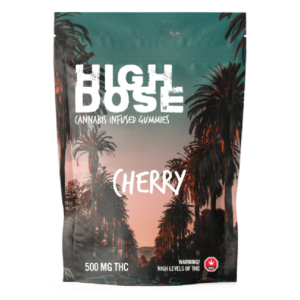 High Dose – cannabis Infused Gummies – Cherry – 500mg/1000mg | WhitePalm Canada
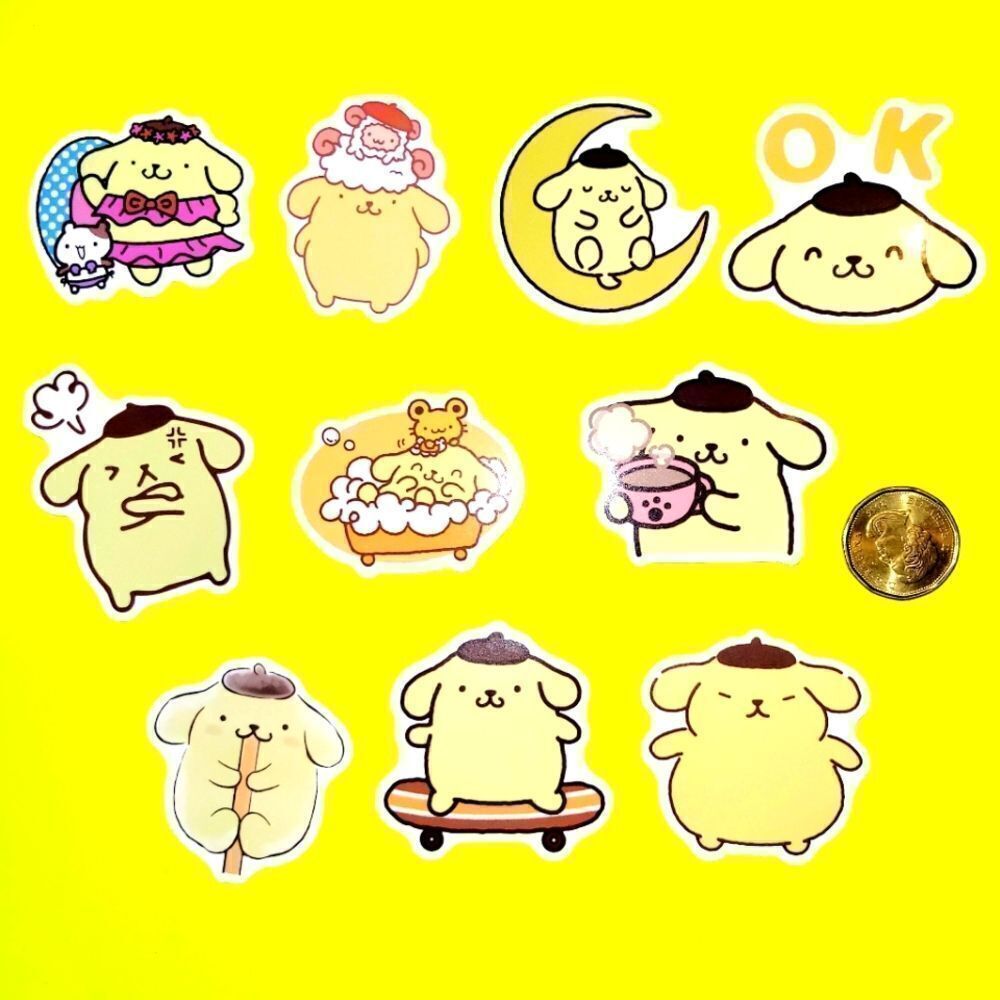 3/$20 Brand New 10x Pompompurin Waterproof Stickers #4
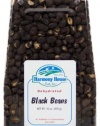 Harmony House Foods, True Dehydrated Beans, Black, 16 Ounce Quart Size Jar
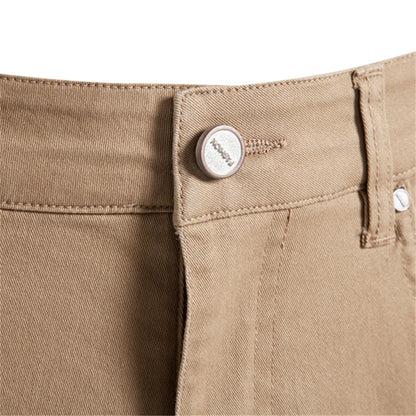 Premium Herrenhose Aus Weicher Baumwolle Mit Reißverschluss Schlank Bequem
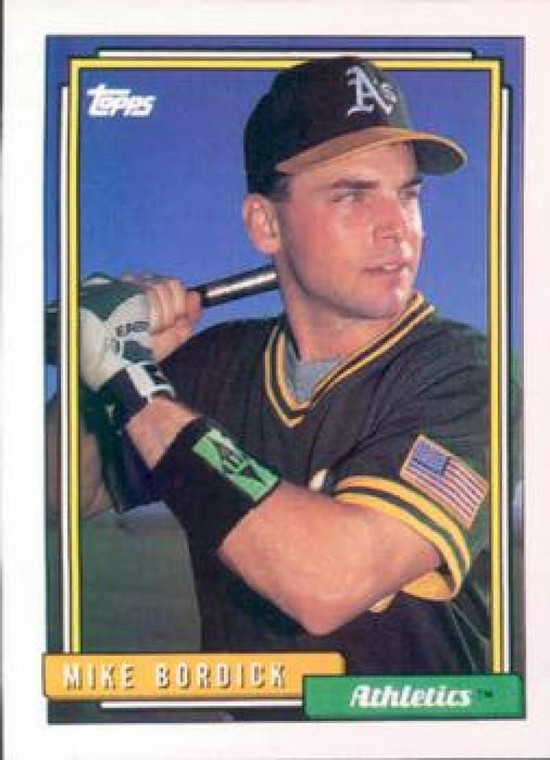 1992 Topps #317 Mike Bordick VG Oakland Athletics 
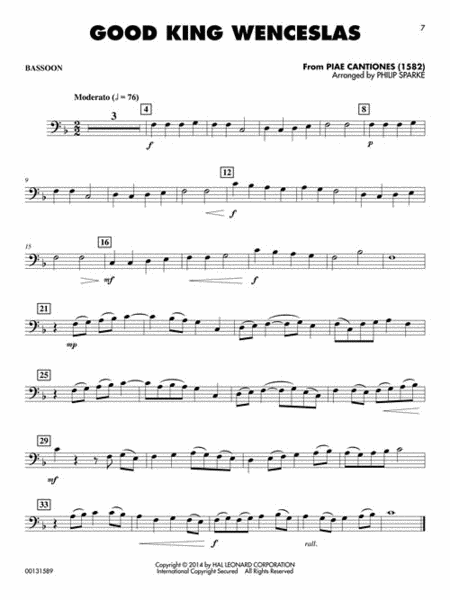 Easy Carols for Bassoon, Vol. 1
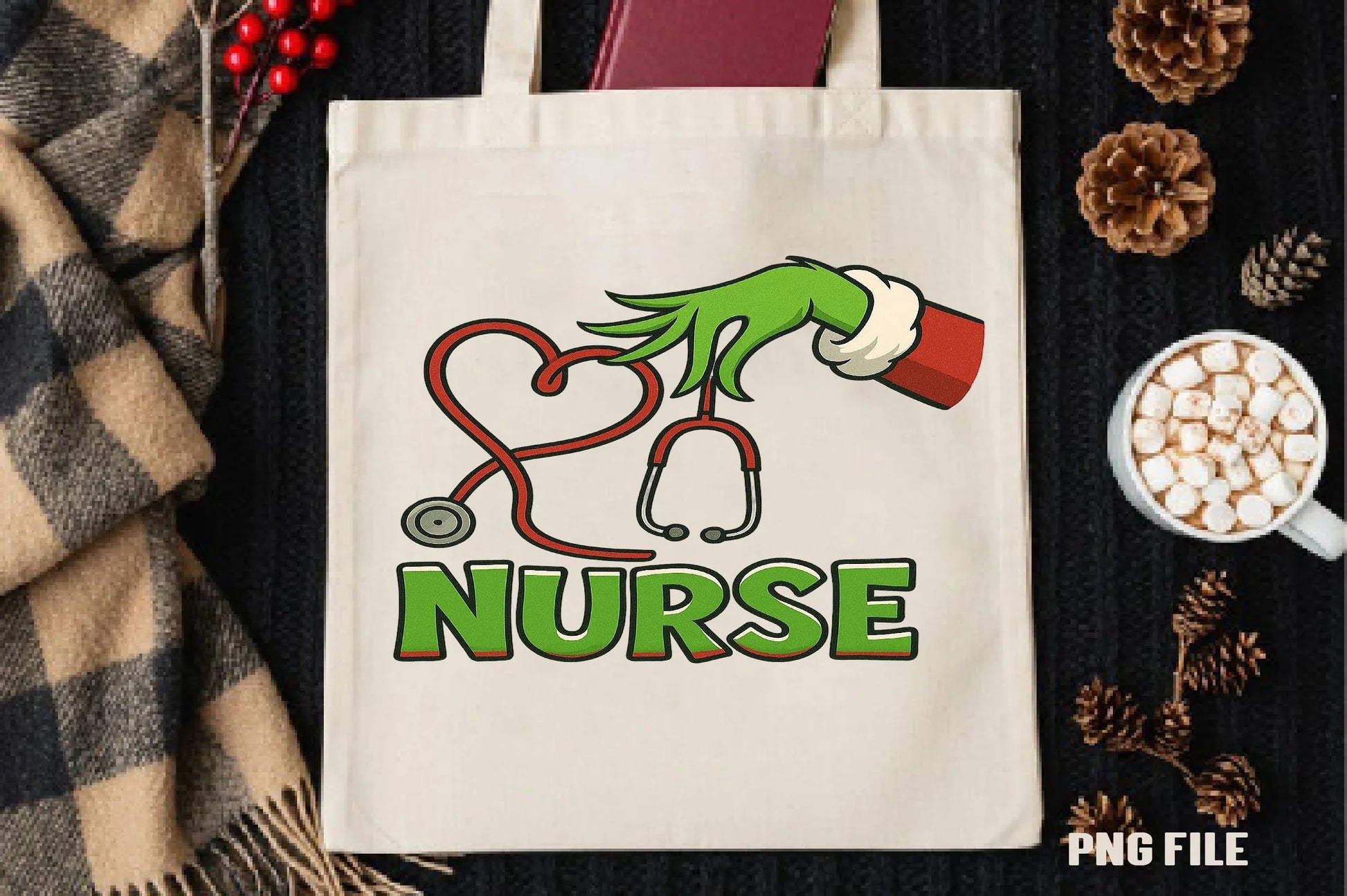 Funny Christmas Nurse Clipart Bundle - CraftNest - Digital Crafting and Art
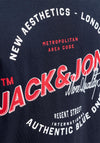 Jack & Jones Varsity Logo T-Shirt, Navy
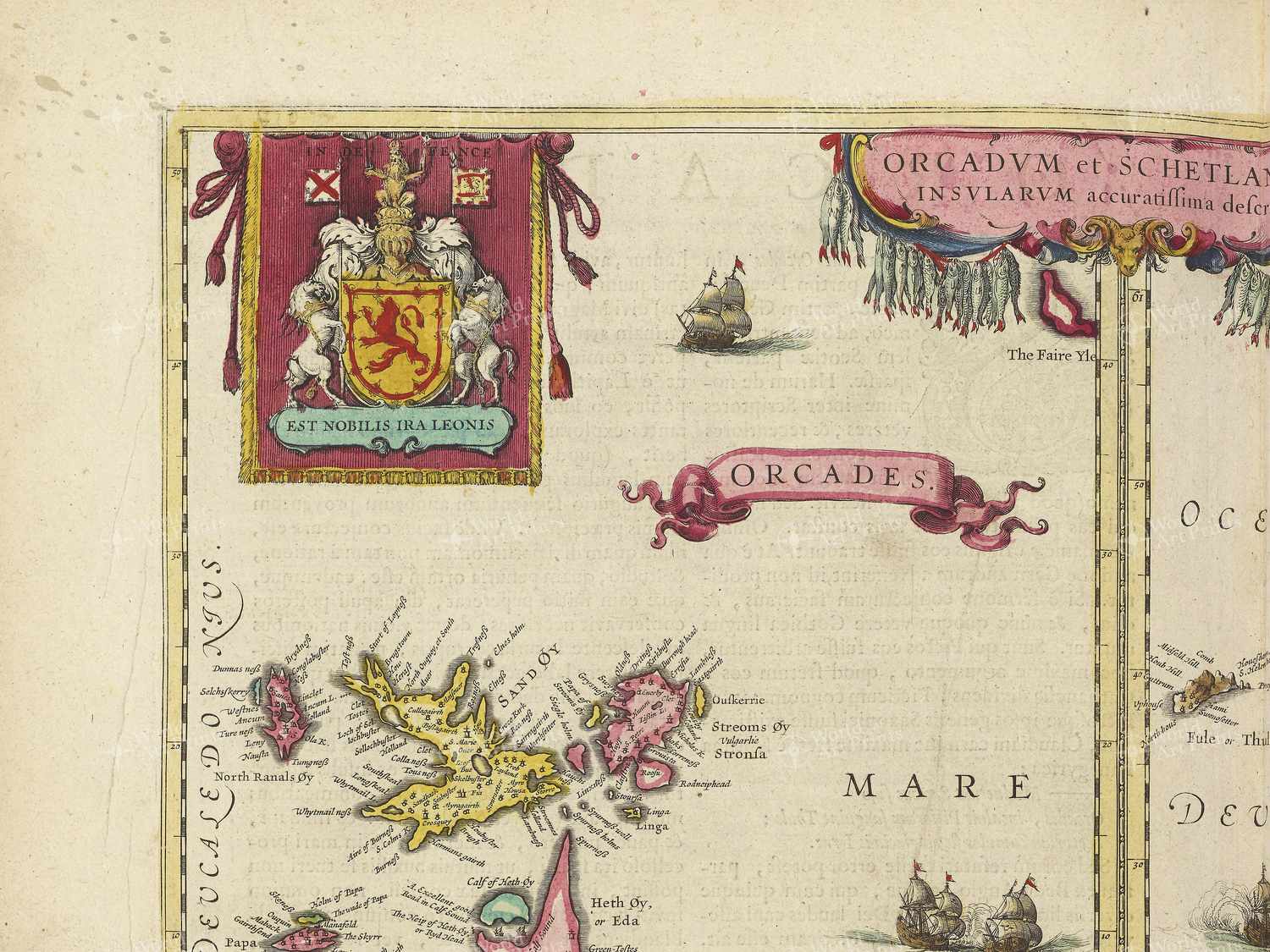 Map top left quadrant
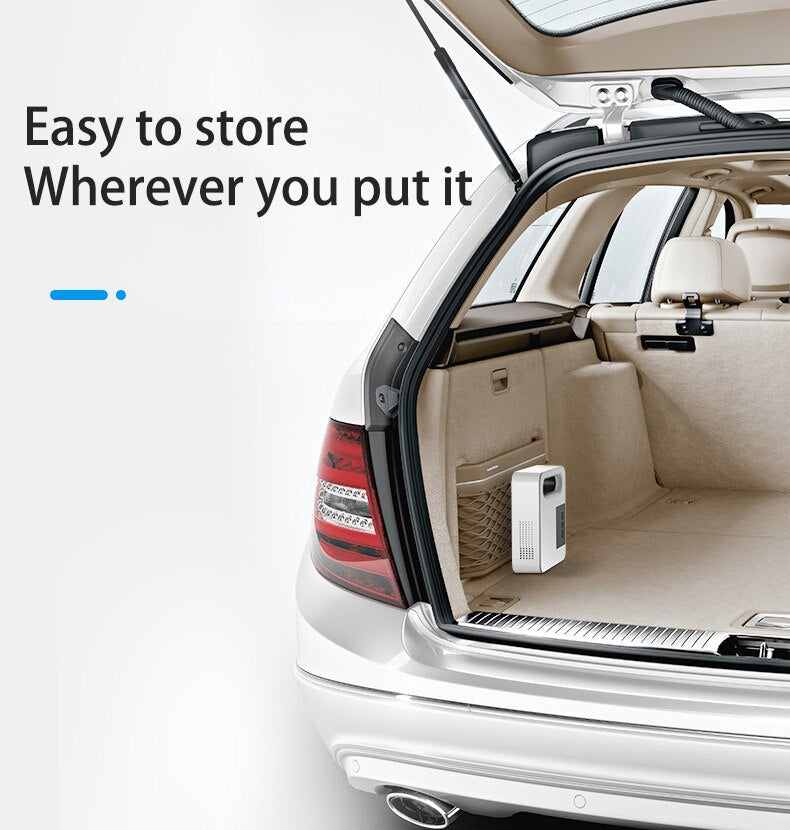 12V Mini Car Air Compressor Tire Inflatable Air Pump For Car Portable Inflator Pump Electric Intelligent Car Tyre Inflator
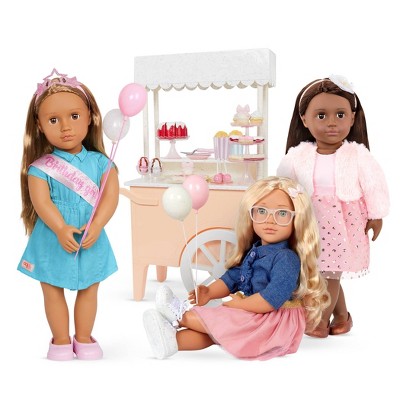 Our Generation Emily Posable 18 Party Planner Doll & Storybook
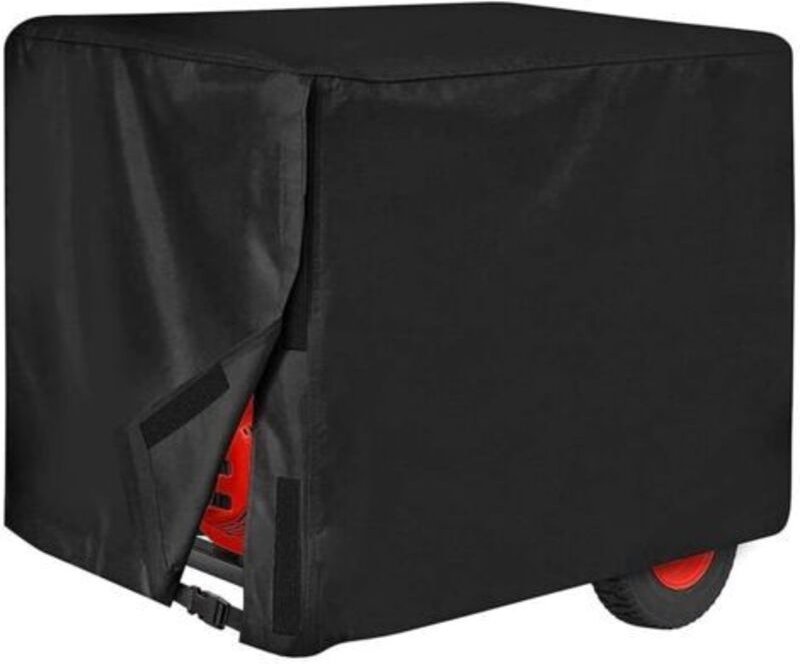 Schwarze, wasserdichte Generatorabdeckung 66 x 51 x 51 cm, passend für die meisten Generatoren der Generatorabdeckungsgr...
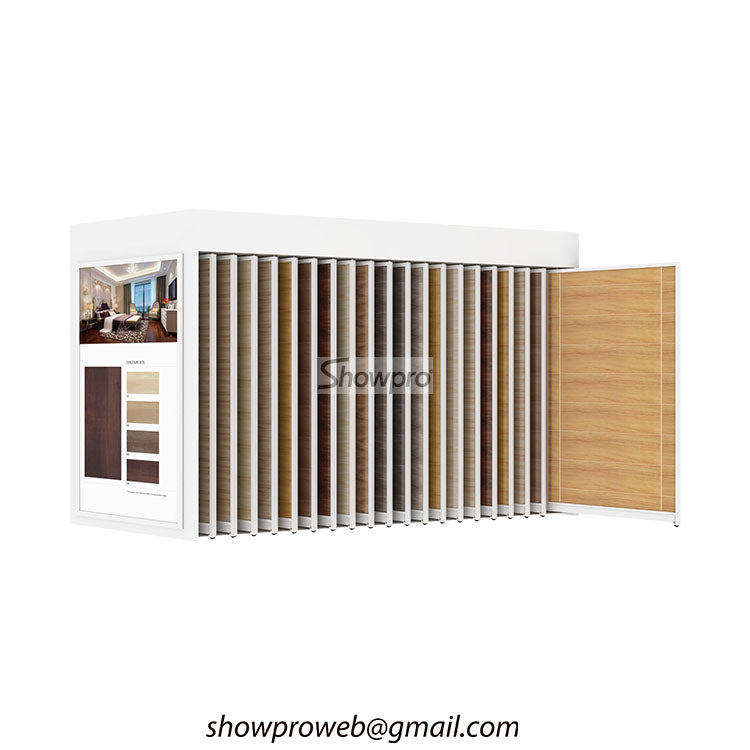 metal sliding display rack for granite and marble samples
####
■ **What to produce**: Repeat the records word for word and drop any pictures.

■ **Solution to the exercise**:
 High Dose – cannabis Infused Gummies – Cherry – 500mg/1000mg | WhitePalm Canada
 3/$20 Brand New 10x Pompompurin Waterproof Stickers #4
 Harmony House Foods, True Dehydrated Beans, Black, 16 Ounce Quart Size Jar
 Premium Herrenhose Aus Weicher Baumwolle Mit Reißverschluss Schlank Bequem
 1992 Topps #317 Mike Bordick VG Oakland Athletics 
 Easy Carols for Bassoon, Vol. 1
 Funny Christmas Nurse Clipart Bundle - CraftNest - Digital Crafting and Art
 Jack & Jones Varsity Logo T-Shirt, Navy
 Map top left quadrant
 12V Mini Car Air Compressor Tire Inflatable Air Pump For Car Portable Inflator Pump Electric Intelligent Car Tyre Inflator
 Our Generation Emily Posable 18 Party Planner Doll & Storybook
 Schwarze, wasserdichte Generatorabdeckung 66 x 51 x 51 cm, passend für die meisten Generatoren der Generatorabdeckungsgr...
 metal sliding display rack for granite and marble samples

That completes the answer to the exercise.